岡野工業は、技術力が命の町工場だ。だから特許戦略がとても重要になる。「特許さえ取ればこっちのもの!」と思う人もいるようだが、それは大きな勘違い。特許を取ってもひどい目に遭っている人を何人も見てきている。ウチみたいな小さな町工場は、単独で特許を取っても何の意味もないんだ。

大会社がその特許技術を欲しかったとする。そのときに「お願いします。その技術を使わせてください」なんて頭を下げてくることはまずない。大会社は知らん顔して商品化してしまうんだ。そんなことをしたら特許権侵害で訴えられるのは百も承知。確信犯的に作り始めるんだ。

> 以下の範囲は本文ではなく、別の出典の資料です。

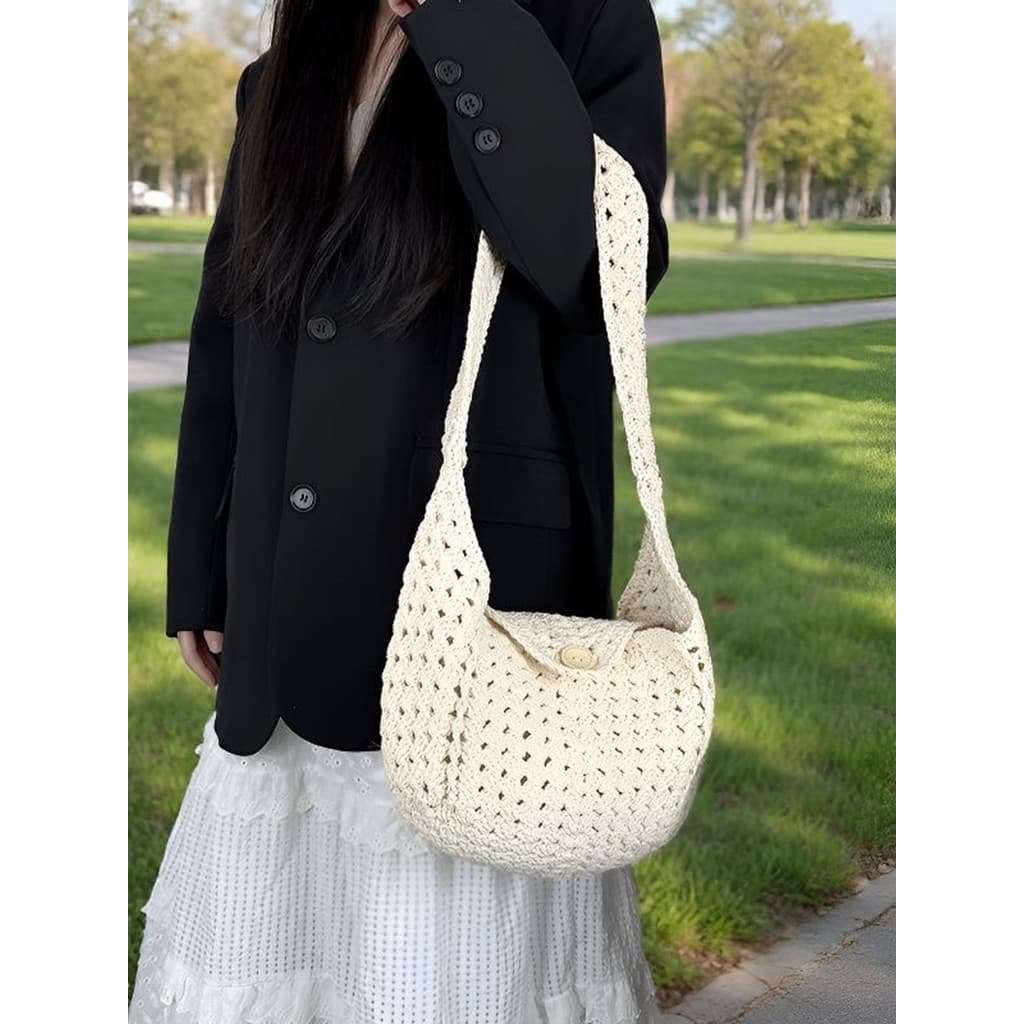Novo estilo de crochê tecido bolsa feminina bolsa de ombro All-Match estilo preguiçoso nicho saco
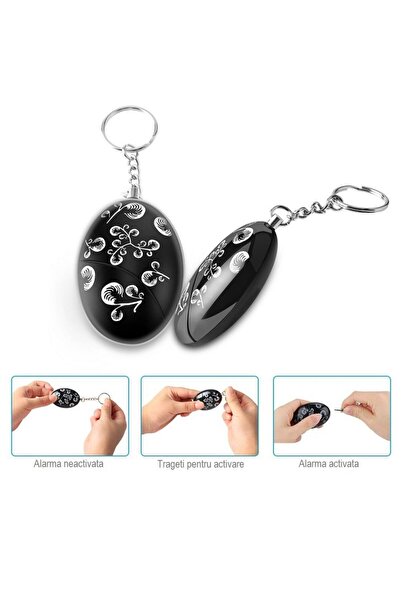 JustZEN Personal Alarm Keychain, Safe, 120 dB, Black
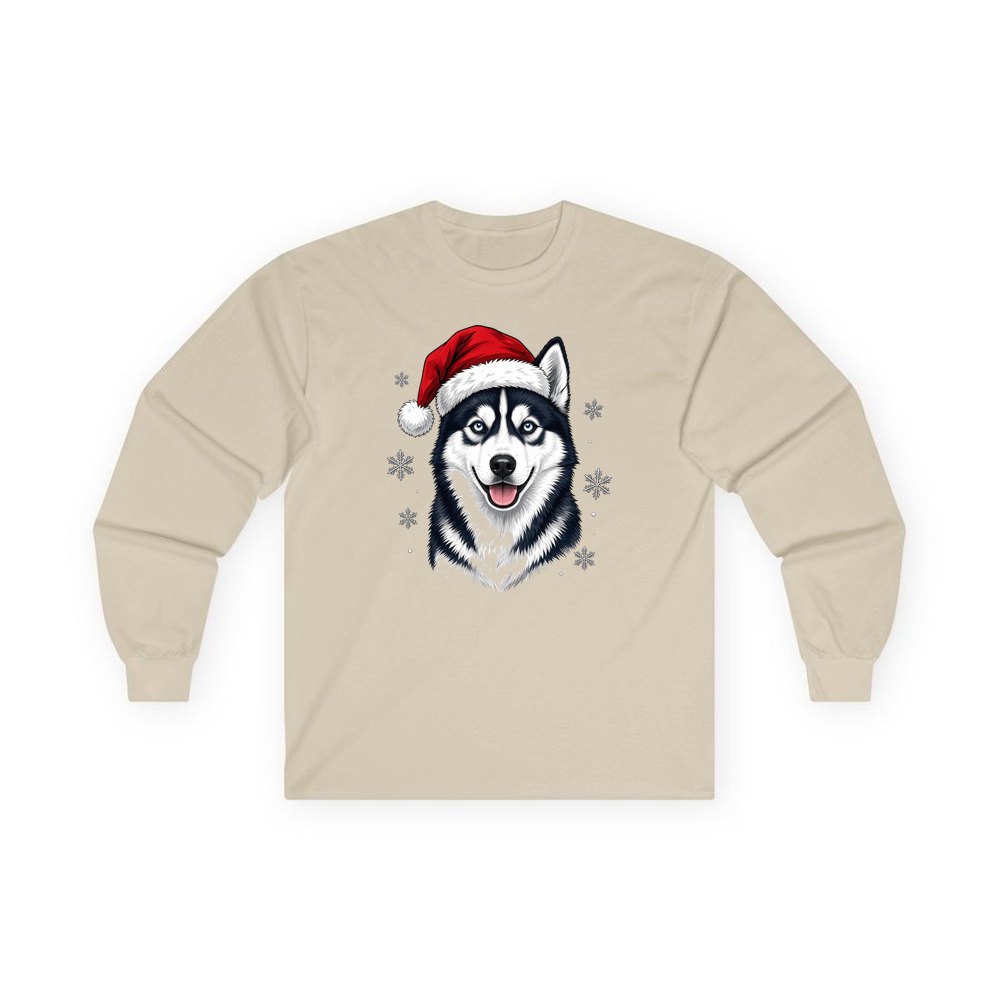 Siberian Husky personalised long sleeve Christmas T-shirt in sand
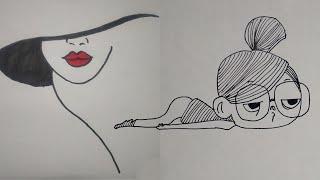 5 Cute Girl Drawing ! How to draw a girl step by step ! Drawing for beginners ! Girl Drawing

それを知った町工場が訴えても、実はなかなか勝つことができない。どんなにこちらが正しくても、大会社はカネに飽かせて専門の弁護士を大勢雇って、裁判を長引かせる。結審する頃には技術自体が古くなり、賠償金も大して取れない、ということになってしまうんだ。

大会社と特許を取ると、権利だけでなく、宣伝の効果も

だから俺は、特許は大会社と組んで取るようにしている。前回話した「痛くない注射針」も、テルモとの共同出願にして世界中で特許を取った。テルモから相談を受け、板を丸めて作るという、従来にない方法を思いついたとき、真っ先に担当者に言った。「会社に帰ったら、すぐに特許を取る準備をしてくれ。発明者は岡野工業。特許出願者はテルモでいいよ」と。

こうして大会社との連名で特許を取っておけば、ほかの会社も手を出しづらい。大会社は海外の情報網も発達しているから、どこかでまねをしていたらすぐに対応できる。ぼやのうちに火を消せるんだ。

連名特許にはもう一ついいことがある。PR効果がすごいんだ。テルモと岡野工業の名前が対等に並ぶ。ウチはトヨタ自動車とも共同で特許を取っているから、トヨタとも対等に名前が並ぶ。そんなのがいくつも出てくれば「岡野工業とはいったいどういう会社なんだ!?」と話題になる。世界特許だから、海外のメーカーも目にする。

実際、注射針の装置は、中国のある企業から、びっくりするような金額で、機械を丸ごと売ってくれないかという話が来た。同じような話はドイツからもあった。特許の効果だろうね。でも、一式持っていっても、金型のメンテナンスができないから同じモノを作り続けることはできない、と結局あきらめて帰っていったよ。大会社と組んで特許を取るというのは、権利を守るだけでなく、宣伝の効果も大きいんだ。